Tiny homes are big right now. Not just in Colorado but all around the West. And while affordability and necessity are two big reasons for their popularity, they are also attracting great interest for their attractive, ingenious architecture and environmentally-friendly construction.

They are also providing solutions to housing dilemmas. A rural school district in Arizona has built a tiny home community to provide affordable in-district housing for teachers. In Denver, the Beloved Community Village, a tiny home enclave in the RiNo neighborhood built to house homeless residents, just celebrated its one-year anniversary, fulfilling its original intent of providing shelter for those most in need.

Tiny homes are here in Durango as well. Some are parked on private land while others are nestled in local mobile home parks. Down on Sawmill Road, Rocky Mountain Tiny Houses is building and selling beautiful, customized versions within the city limits.

Tiny home dwellers accumulate experiences instead of possessions, they say.

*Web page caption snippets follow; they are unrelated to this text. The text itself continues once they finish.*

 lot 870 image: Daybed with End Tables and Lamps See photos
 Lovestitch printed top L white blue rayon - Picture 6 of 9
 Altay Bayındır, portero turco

Owners are free to pursue the lifestyle they envision in places like Durango instead of spending all their time working, sometimes at multiple jobs, to afford traditional housing.

Tiny home options work for young couples looking to own their first home, and can also work well for seniors who no longer need so much space and cannot maintain the traditional, larger home they once needed for a family. For those well-versed in the tiny home mantra, these compact dwellings are the answer to our affordable housing crisis.

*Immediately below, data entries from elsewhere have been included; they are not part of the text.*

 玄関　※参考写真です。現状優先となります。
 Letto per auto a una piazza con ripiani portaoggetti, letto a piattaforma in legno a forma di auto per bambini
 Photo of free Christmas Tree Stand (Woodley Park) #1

Critics are far from convinced. They decry the tiny house movement as a millennial trend that will soon pass, and label tiny house developments “gentrified trailer parks.” Close analysis reveals that tiny houses may not be a good investment at all, critics say, and a mix of tiny homes and traditional housing in a neighborhood will likely result in a sharp drop in property values for owners of the larger, traditionally built homes.

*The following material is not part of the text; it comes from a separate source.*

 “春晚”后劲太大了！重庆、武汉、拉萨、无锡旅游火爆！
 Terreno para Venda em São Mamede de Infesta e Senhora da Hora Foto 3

Those points might be debatable, but this is not: The “tiny” lifestyle does not work for everyone, even in planned communities that provide parks, gardens and other shared amenities in addition to spaces for tiny homes. A tiny house may seem ideally romantic to a young couple in love, but the arrival of a first child or, heaven forbid, twins, may turn the cosy dwelling into a claustrophobic cell.

Former La Plata County Commissioner Bob Lieb has proposed a 22-space tiny house development, Escalante Village, on Baker Lane near Escalante Middle School. The Durango Planning Commission has approved the plan, and some 500 people have showed interest in the project by signing up to receive more information.

We are intrigued as well, and more than that, are hoping the city approves the project when it comes before the council later this month. Tiny homes do not belong everywhere, nor are they the compact-size-fits-all answer to all of our housing woes, as some promoters would have us believe.

But as one part of the many solutions that we must implement to address Durango’s acute affordable housing problem – and maybe a way to help some of our chronic homeless residents – we are ready to try.